Jump to content

Emanuel Berg - obsługa klienta


karolsz
 Share

Recommended Posts

 

Próbuję znaleźć odpowiedz dlaczego tylko część tej społeczności myśli podobnie a druga stanęła w obozie zagorzałych oponentów i doszedłem do jednego wniosku ale już dajmy temu spokój. Nie chcę rozpętać kolejnej burzy, nie po to się tu logowałem.

 

 

 

A ja jestem ciekaw. Jeśli nie chcesz publicznie, to będę wdzięczny za PW. :)

Link to comment
Share on other sites

Panowie dajmy już spokój, nie chcę nikogo obrażać, ani zaglądać do portfela.

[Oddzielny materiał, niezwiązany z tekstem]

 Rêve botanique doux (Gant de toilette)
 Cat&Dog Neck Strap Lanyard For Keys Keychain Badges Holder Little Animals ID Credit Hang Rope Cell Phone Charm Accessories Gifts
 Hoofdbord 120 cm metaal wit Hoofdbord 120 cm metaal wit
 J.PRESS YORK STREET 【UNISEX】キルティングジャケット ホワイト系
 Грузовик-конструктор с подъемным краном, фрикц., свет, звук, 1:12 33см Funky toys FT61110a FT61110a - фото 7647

To poważne forum a nie Onet.

Padło tu kilka niemiłych słów miedzy wierszami jak i krytycznych uwag w stosunku do mojej osoby, padło też bardzo dużo przemyślanych i wyważonych głosów rozsądku za co serdecznie dziękuję. 

 

Jeżeli pozwolicie to chętnie zostanę na forum, i dalej będę czerpał z tej skarbnicy wiedzy o męskiej elegancji.

Link to comment
Share on other sites

 

Padło tu kilka niemiłych słów miedzy wierszami jak i krytycznych uwag w stosunku do mojej osoby, padło też bardzo dużo przemyślanych i wyważonych głosów rozsądku za co serdecznie dziękuję. 

 

 

Jeśli chodzi o tą "różnicę pokoleń" to nie było to obraźliwe, tylko opisywało trochę inny model zachowań (mi osobiście obcy). Jest mi dużo bliżej do stanowiska Ernestsona, choć to oczywiście nie powód żeby się spierać. Niech nie wydają ci się rozsądne tylko te opinie, z którymi się zgadzasz.

 

Zostań i pisz. Na razie wpadłeś zrobić burzę, a kto ją robi ten pioruny zbiera.

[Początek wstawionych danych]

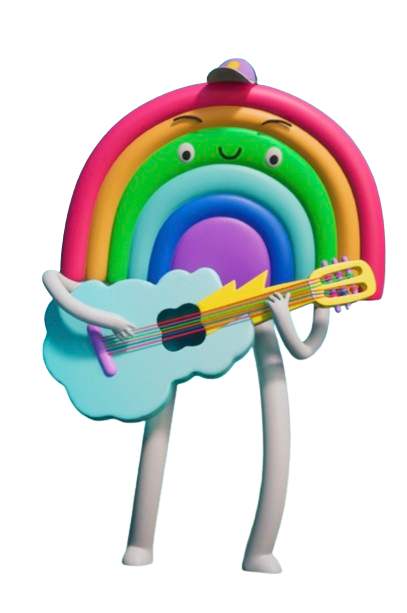 Mia's Magic Playground Musical Rainbowguy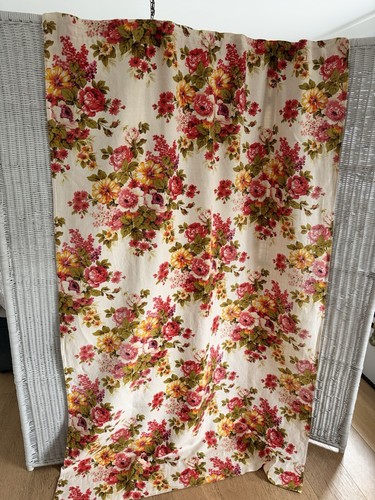 Vintage french linen - vintage, floral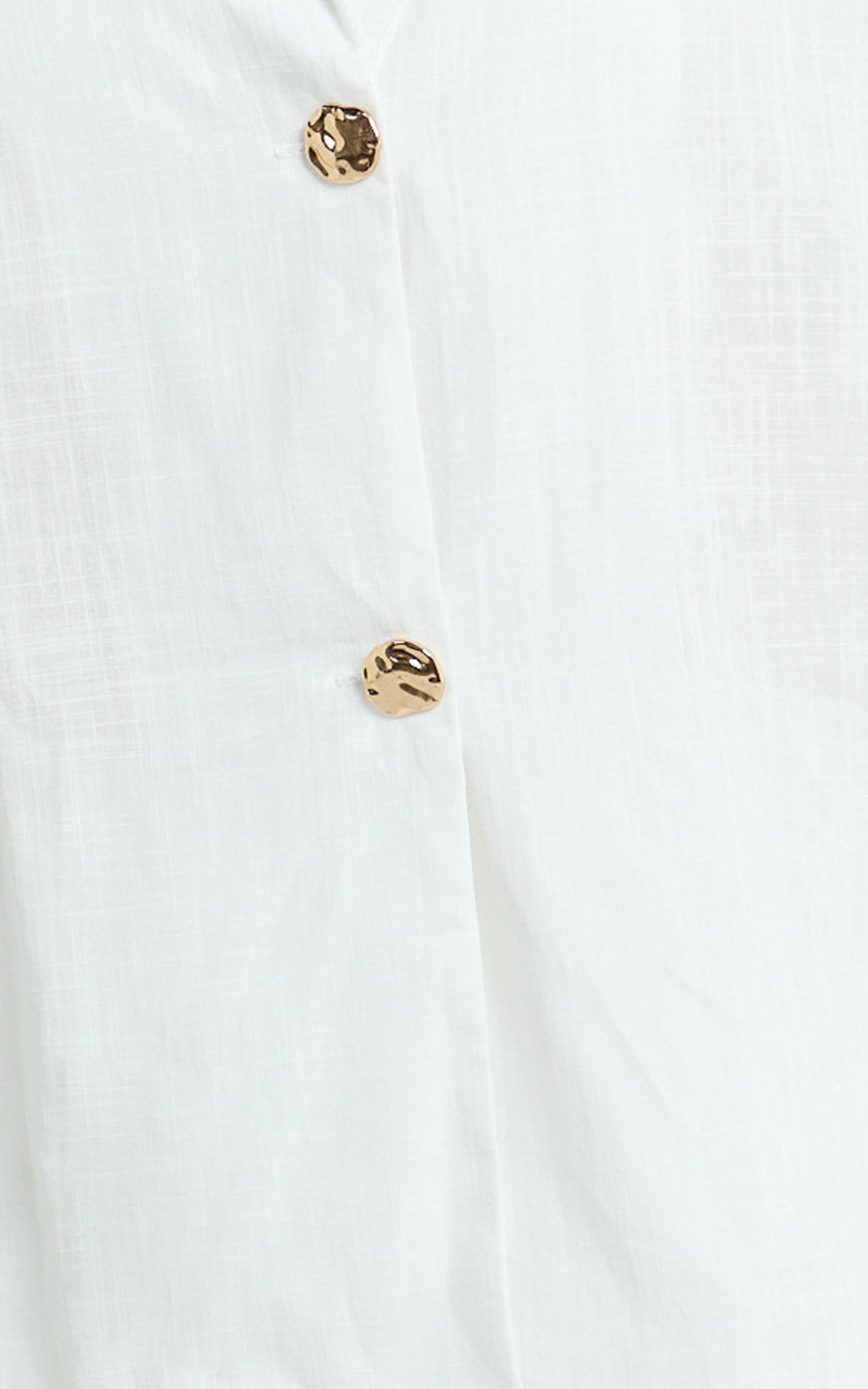 Iris Two Piece Set - Relaxed Shirt and Short Set in White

Bardzo chciałbym cię poznać z innej strony.

  • Upvote 2
Link to comment
Share on other sites

Jeśli chodzi o tą "różnicę pokoleń" to nie było to obraźliwe, tylko opisywało trochę inny model zachowań (mi osobiście obcy). Jest mi dużo bliżej do stanowiska Ernestsona, choć to oczywiście nie powód żeby się spierać. Niech nie wydają ci się rozsądne tylko te opinie, z którymi się zgadzasz.

 

Zostań i pisz. Na razie wpadłeś zrobić burzę, a kto ją robi ten pioruny zbiera.

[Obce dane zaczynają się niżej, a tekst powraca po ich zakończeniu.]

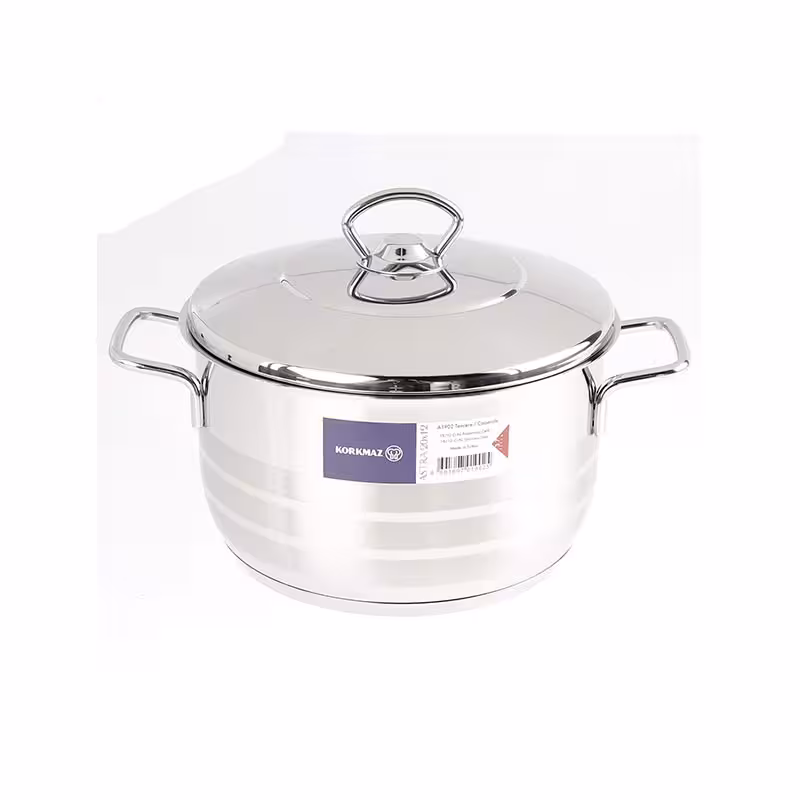 قیمت و خرید قابلمه تک استیل کرکماز 1908 سایز 26- ژینال
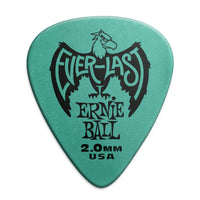 Ernie Ball 9196 2.0mm Teal Everlast Delrin Guitar Picks, 12-pack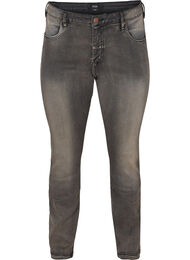Slim fit Emily jeans med normal talje, Dark Grey Denim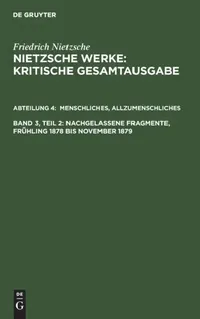 Buy Menschliches, Allzumenschliches, Band 2 (English, Giorgio Colli | Mazzino Montinari | Volker Gerhardt) — BookShops.in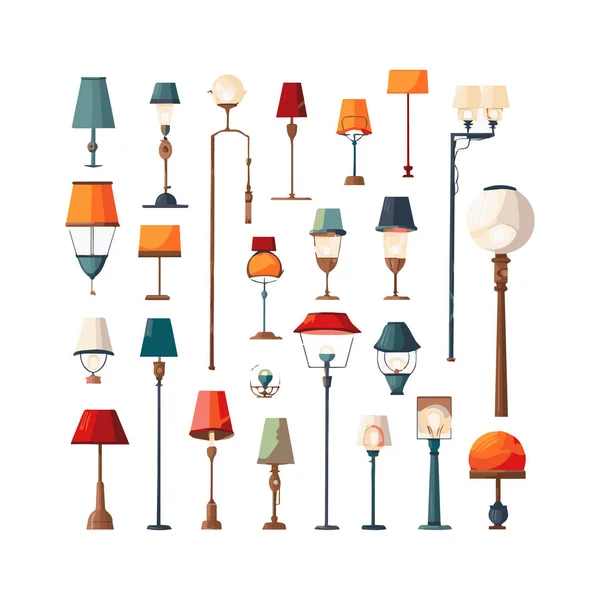Lámpara Lindo Diseño Ilustración Simple Elemento Para Fondo — Vector de stock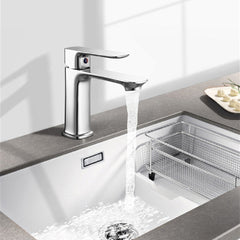Basin Faucet Bathroom Wash Sink Hot And Cold Copper Tap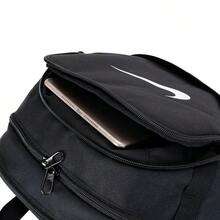 Nike Brasilia Logo 24L Fabric Backpack Medium Unisex Black - Black - View 7
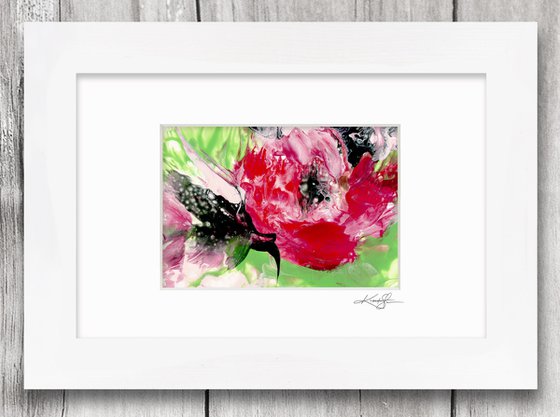 Blooming Magic 213 - Abstract Floral Painting by Kathy Morton Stanion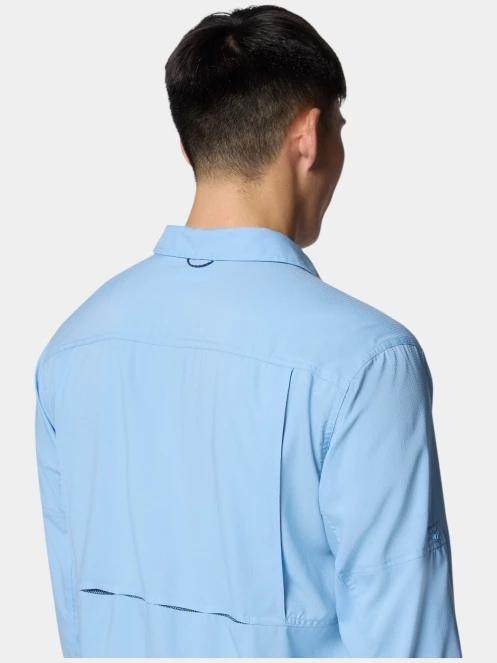 Columbia Silver Ridge Utility Lite Long Sleeve Shirt férfi hosszú ujjú túraing kék színben 7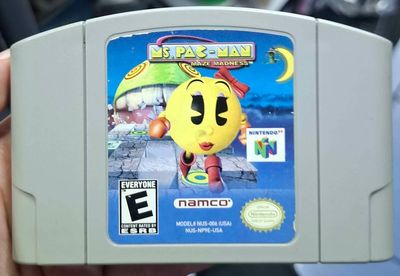 SJ1 Ms Pac Man Maze Madness Nintendo 64 Cartucho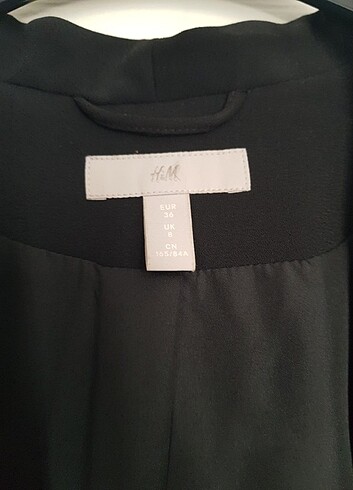 36 Beden H&m ofis siyah blazer 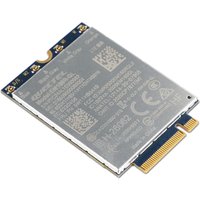 Lenovo 4XC1Q24437 network card, silver with QR codes, gold connector edge, and black circuit board edges.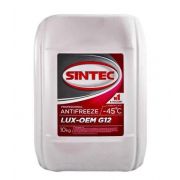 Охлаждающая жидкость Sintec LUXE антифриз 10кг красный G12+ -45 990572/613504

Bardzo chciałbym cię poznać z innej strony.

Whitesnake właśnie Twoje słowa o robieniu "burzy" uważam za trochę niesprawiedliwe.

Nie było moim celem robienie jakiejkolwiek burzy, (burzę zrobili inni, o ile można to nazwać burzą) jeżeli przeczytasz początek tego tematu, to zobaczysz że chciałem tylko porady jak rozwiązać przedmiotowy problem. Uzyskałem odpowiedz od kolegi KIERMAN i to mi wystarczyło, a że temat się rozwinął w taki a nie inny sposób to już nie moja wina.

Nie obrzucałem EB błotem i pisałem że racja jest tylko moja. 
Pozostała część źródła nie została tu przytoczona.